Caption-style text data:
★ ★ ★ ★ ★
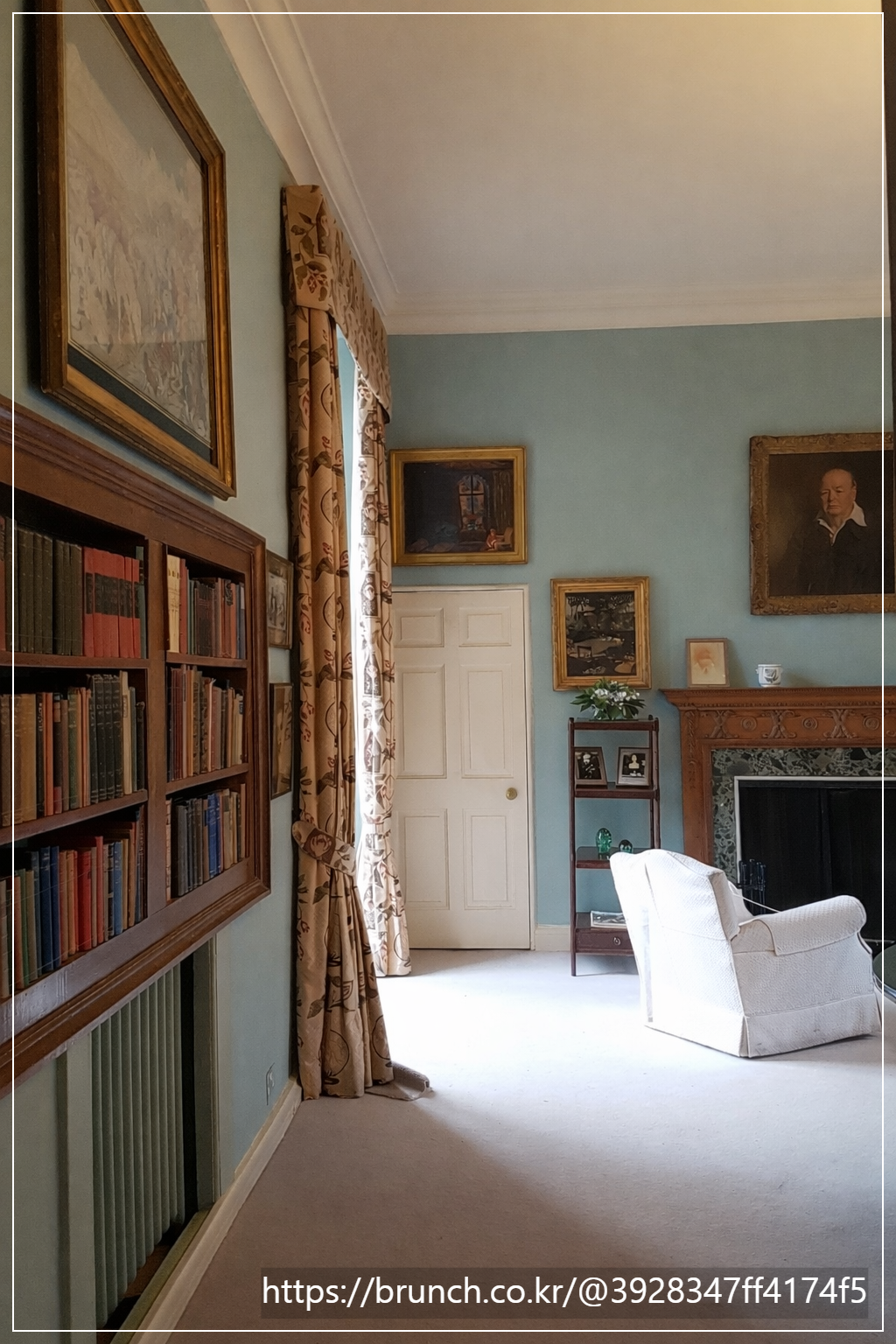 차트웰 서재.png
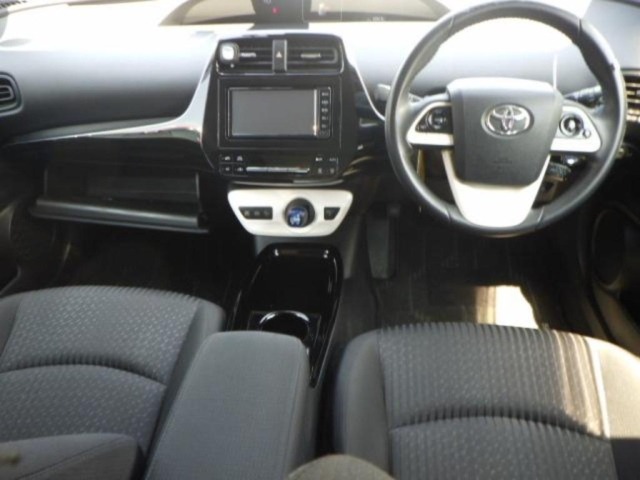 Toyota PRIUS 2018 7482077-3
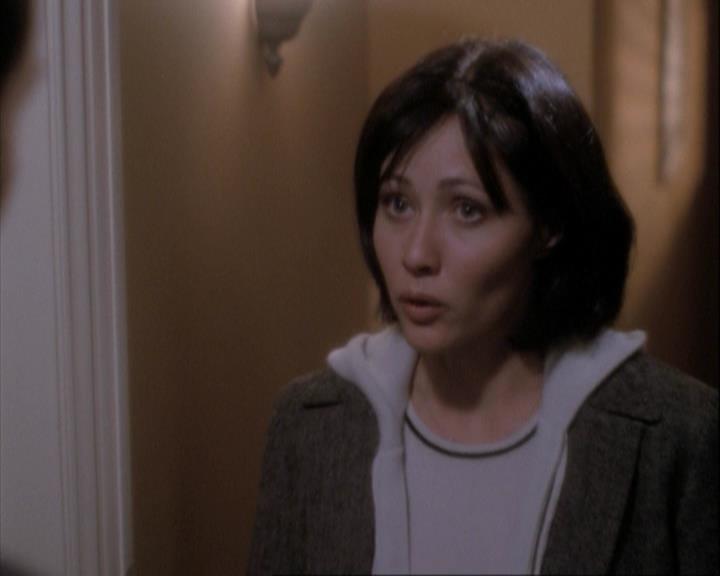 Charmed-Online-dot-net_108TheTruthIsOutThereAndItHurts2223.jpg Charmed-Online-dot-net_108TheTruthIsOutThereAndItHurts2223.jpg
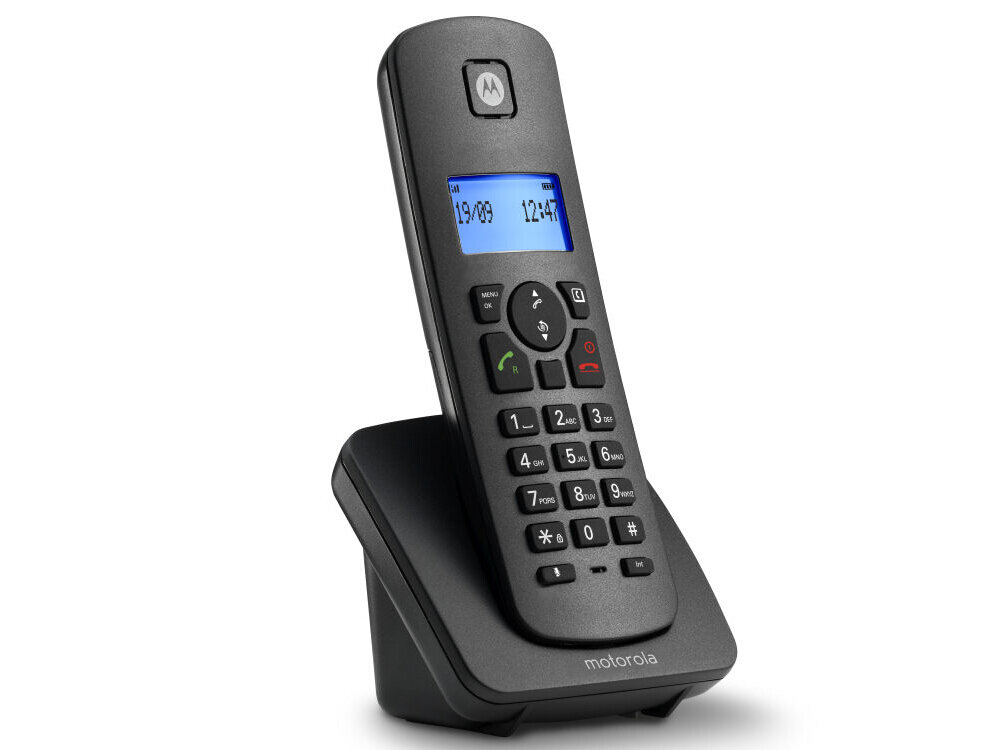 Czarny telefon bezprzewodowy z wyświetlaczem pokazującym datę \'19/09\' i godzinę \'12:47\', umieszczony na stacji dokującej. Na obudowie widoczne jest logo \'Motorola\'.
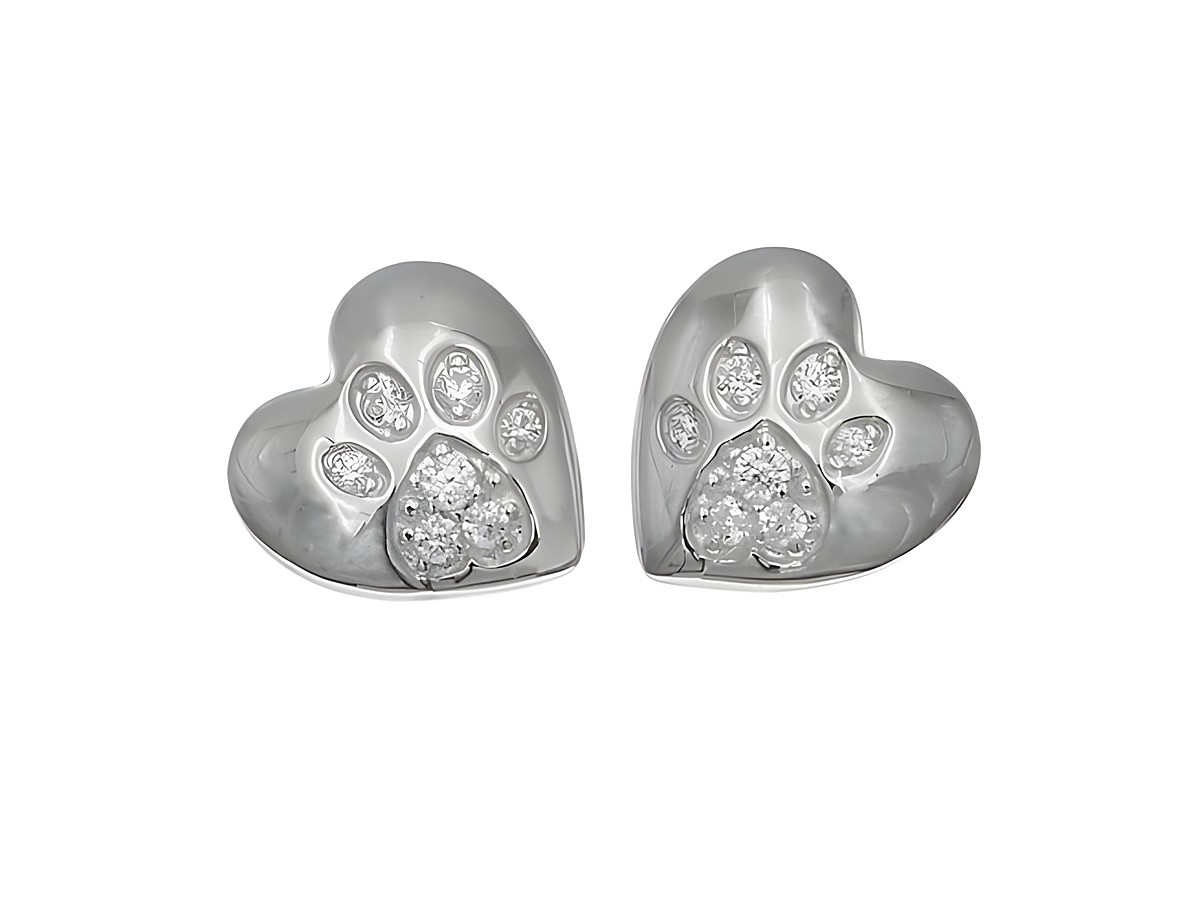 Ohrstecker aus Sterling Silber in Herzform mit einer Pfote, poliert und rhodiniert, verziert mit Zirkonia, Hersteller Juwelier Harnisch.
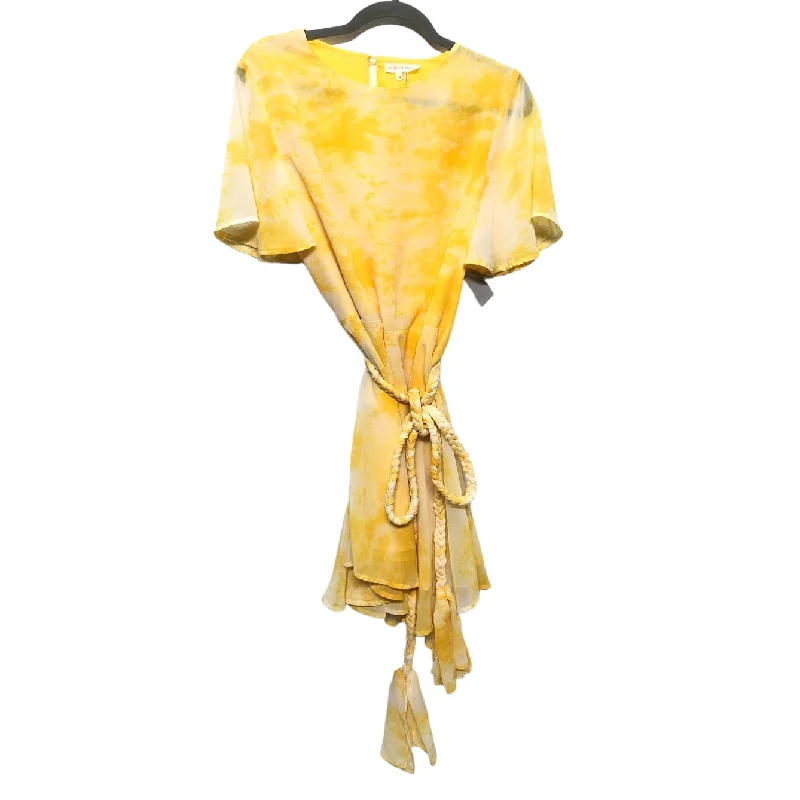 Extra Savings White & Yellow Dress Casual Short Cmc, Size M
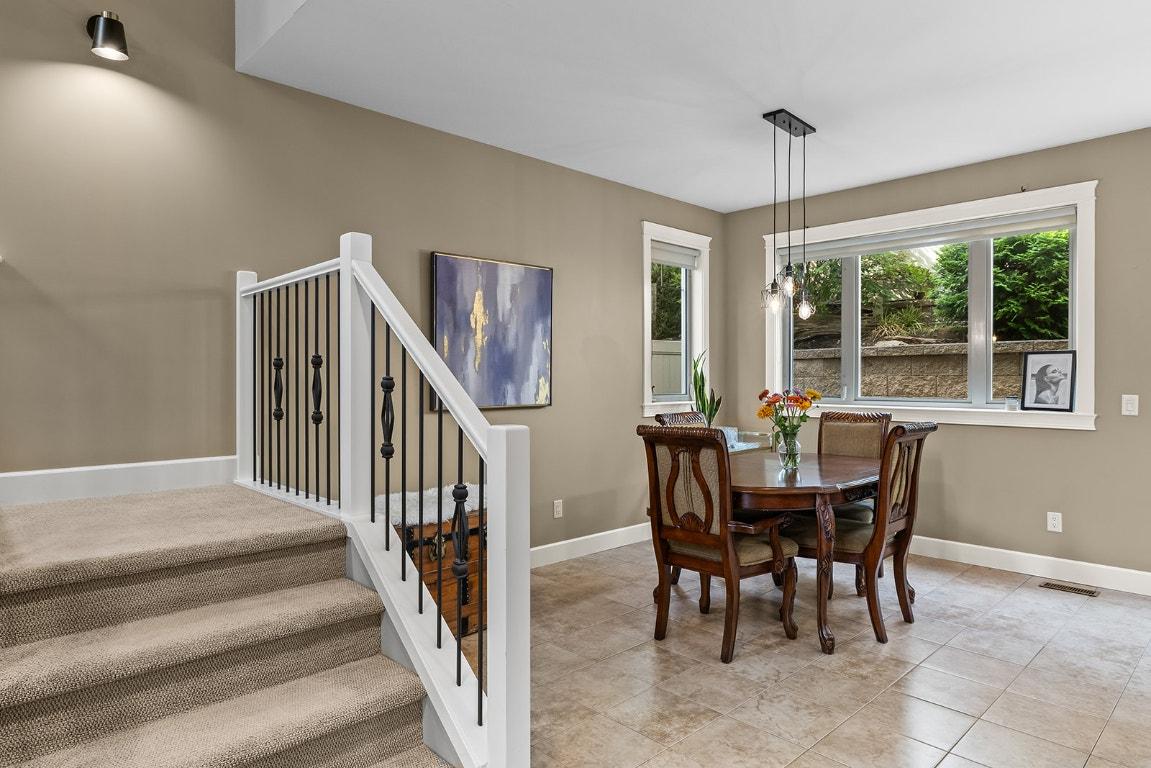 









2283


Shannon Heights

Court, 6,
West Kelowna,




BC
V4T 3B9

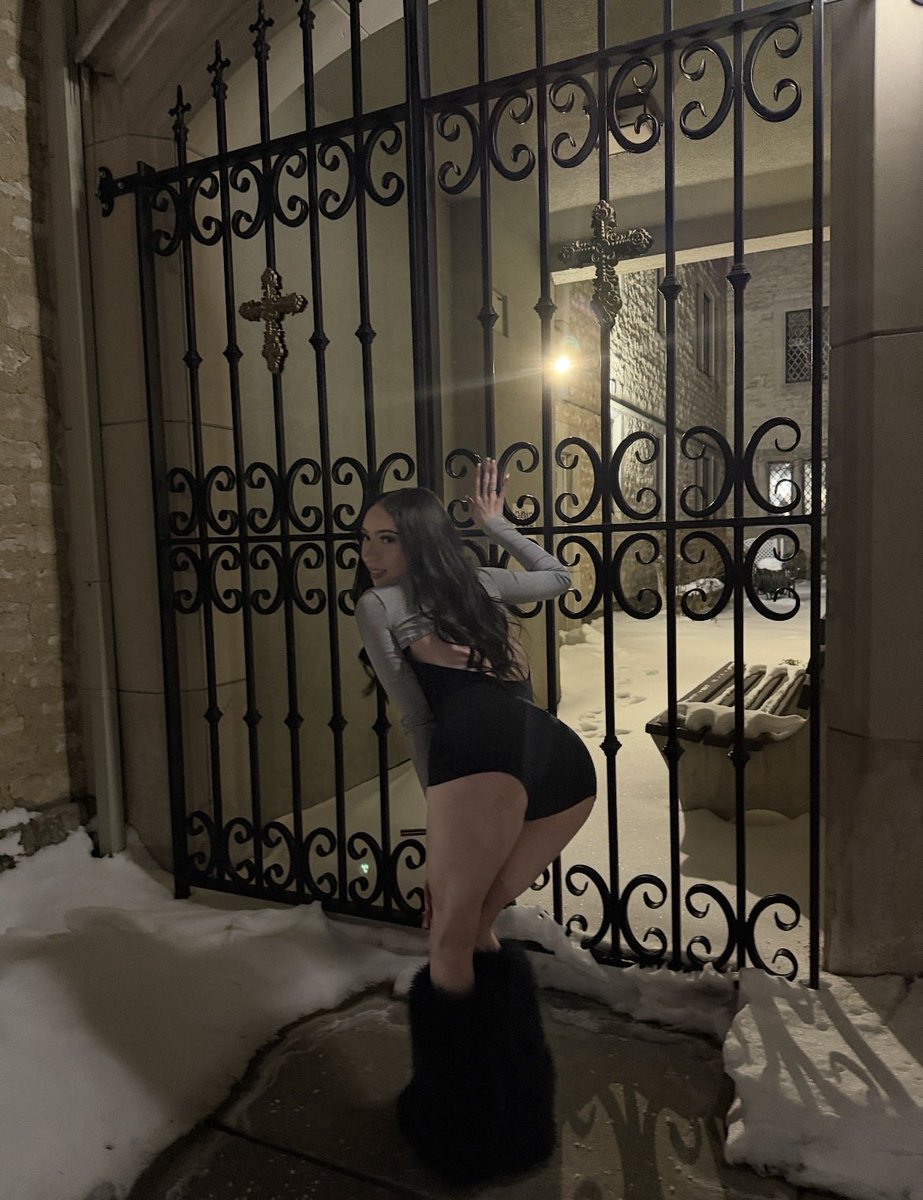 cocollocoo's tweet photo. https://t.co/WOqnNzBmLI click the link 2008 💕 #pytt #fanvue #onlyfans https://t.co/7OfaIGkzlh
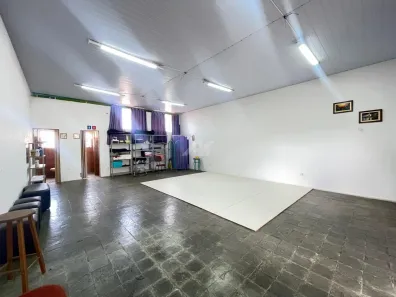 Imóvel Comercial com 2 Quartos à venda, 200m² no Parque Jambeiro, Campinas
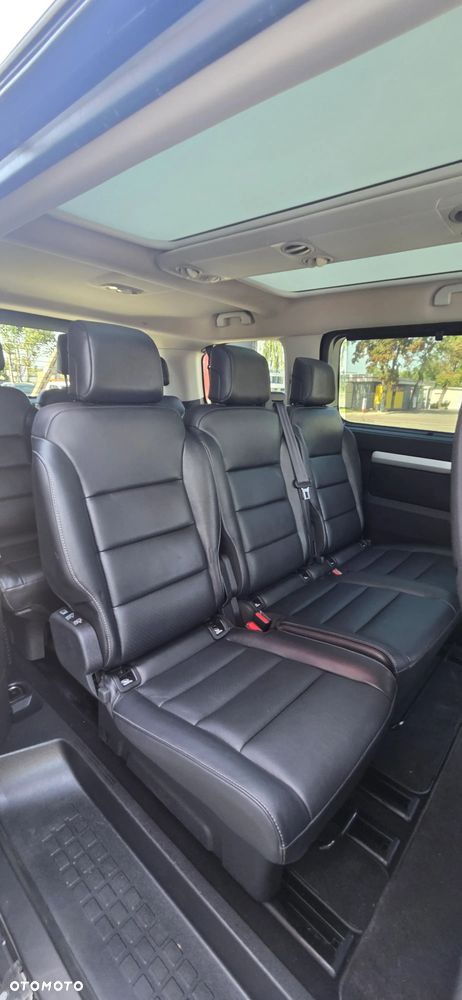 Peugeot Traveller 2.0 BlueHDi Standard Business Vip - 37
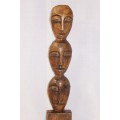 A WONDERFUL TALL HAND CARVED AFRICAN SCULPTURE MOUNDED ON A WOODEN BASE IN EXCELLENT CONDITION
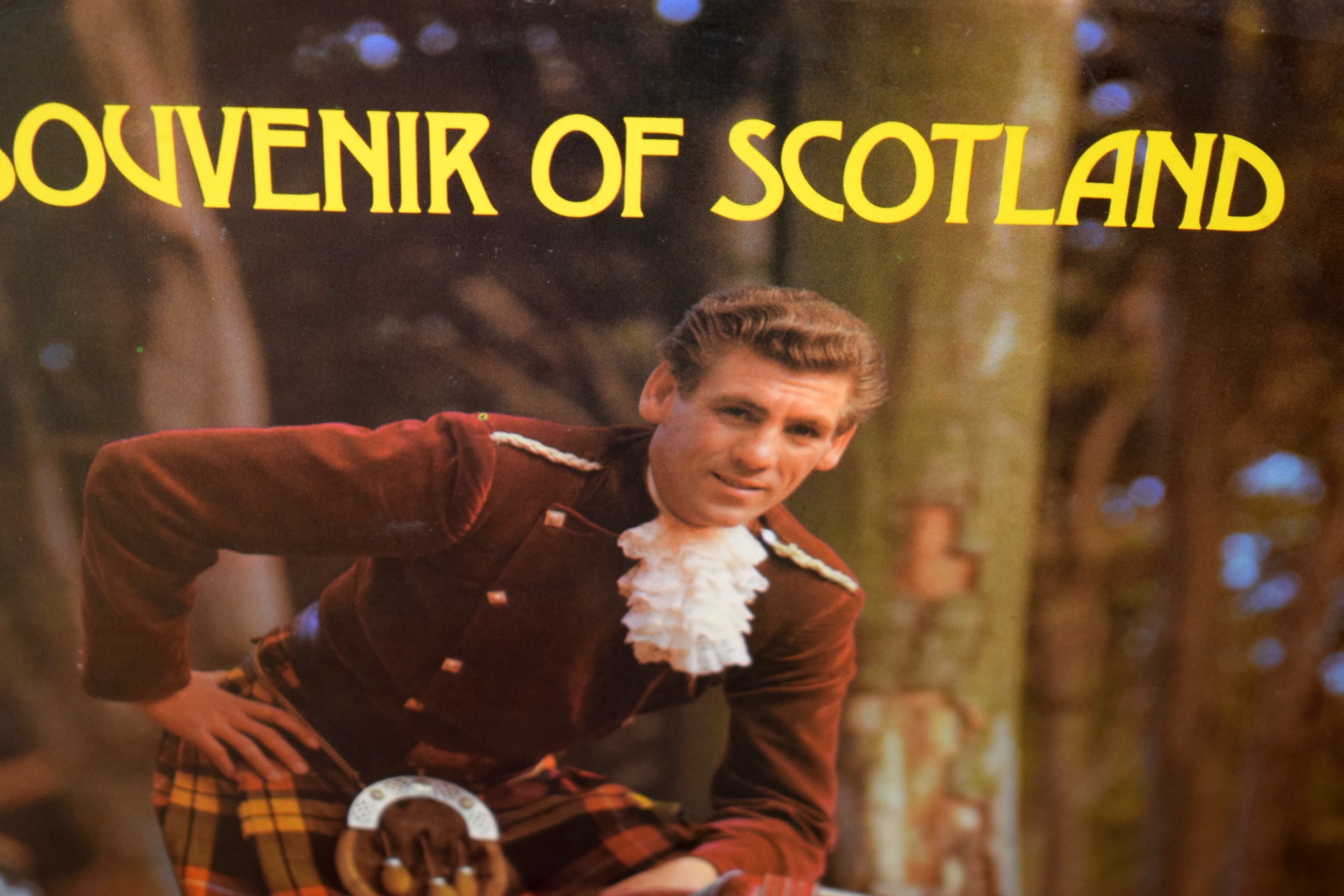 A LARGE COLLECTION OF VINTAGE VINYL RECORDS, mostly Scottish themed. (2 boxes). - Bild 5 aus 7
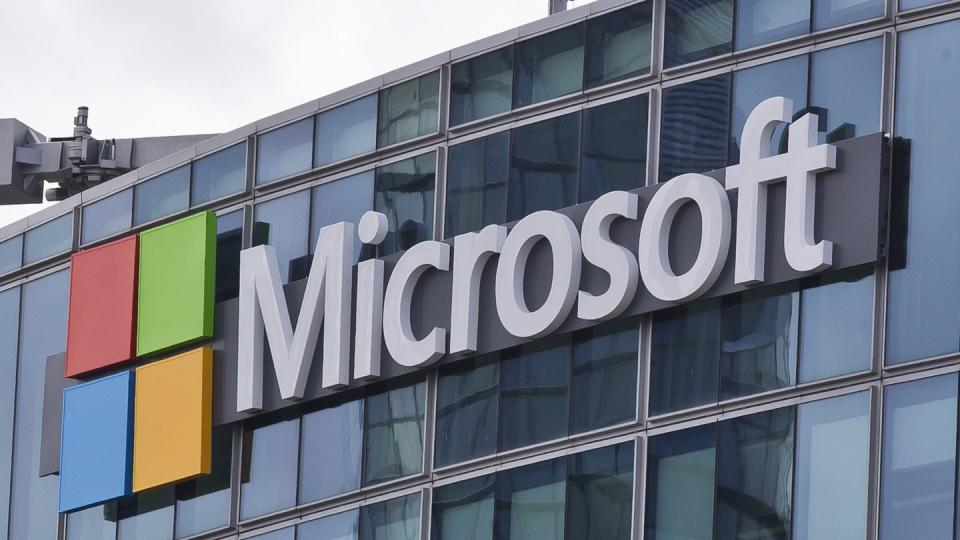 Das Microsoft-Logo ist in Issy-les-Moulineaux, außerhalb von Paris, an einem Bürogebäude zu sehen. Mit einer günstigeren Rechnervariante will Microsoft auch bei der Ausstattung von Schulen punkten.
★ ★ ★ ★ ★
**Task goal:**
Every line above in the stretch from the one with "A WONDERFUL TALL" through the one with "A LARGE COLLECTION" is to be transcribed exactly, ends included. No picture is copied.

**Output of the task:**
 A WONDERFUL TALL HAND CARVED AFRICAN SCULPTURE MOUNDED ON A WOODEN BASE IN EXCELLENT CONDITION
 A LARGE COLLECTION OF VINTAGE VINYL RECORDS, mostly Scottish themed. (2 boxes). - Bild 5 aus 7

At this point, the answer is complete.